Since the state vectors used to prepare our quantumly entangled input state are not actually viable on Quandela’s hardware, we attempted to circumvent this through the use of quantum heralding. The goal of this approach was to achieve the end state of $\ket{1,0,0,0,1,0,0,0} + \ket{0,1,0,0,0,1,0,0}$, a superposition between the $\ket{00}$ and $\ket{11}$ equivalent state. First, we noted that we only needed to check the 0th, 1st, 4th, and 5th modes for 1-values, as the rest would all be equivalent to zero. To do this, we introduced two ancilla qubits, creating a 10-mode register as shown below.

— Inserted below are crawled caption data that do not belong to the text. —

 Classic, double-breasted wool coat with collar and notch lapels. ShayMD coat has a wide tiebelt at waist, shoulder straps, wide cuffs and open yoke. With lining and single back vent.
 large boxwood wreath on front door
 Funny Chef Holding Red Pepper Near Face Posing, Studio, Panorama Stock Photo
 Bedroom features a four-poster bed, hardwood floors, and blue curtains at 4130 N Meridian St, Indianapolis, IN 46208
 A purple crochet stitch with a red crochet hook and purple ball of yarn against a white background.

We applied beam splitters between the 0th and 1st modes as well as the 4th and 5th modes. The angle was chosen so that if there were a proton in either of the modes, it would go to the 0th and 4th modes, respectively. Then, to utilize the quantum heralding, we applied a permutation that routed the values of modes 0 and 8 to each other and 4 and 9 to each other. Modes 8 and 9 are required to have an input and output of 1, so this stage essentially guaranteed a photon in the 0th and 4th modes. From here, we then used a balanced beam-splitter between 0 and 1, and 4 and 5. This would redistribute the photon to either 0/1 and 4/5. The issue we encountered was the 50% probability that we would get $\ket{1,0,0,0,0,1,0,0}$ or $\ket{0,1,0,0,1,0,0,0}$, which we did not want.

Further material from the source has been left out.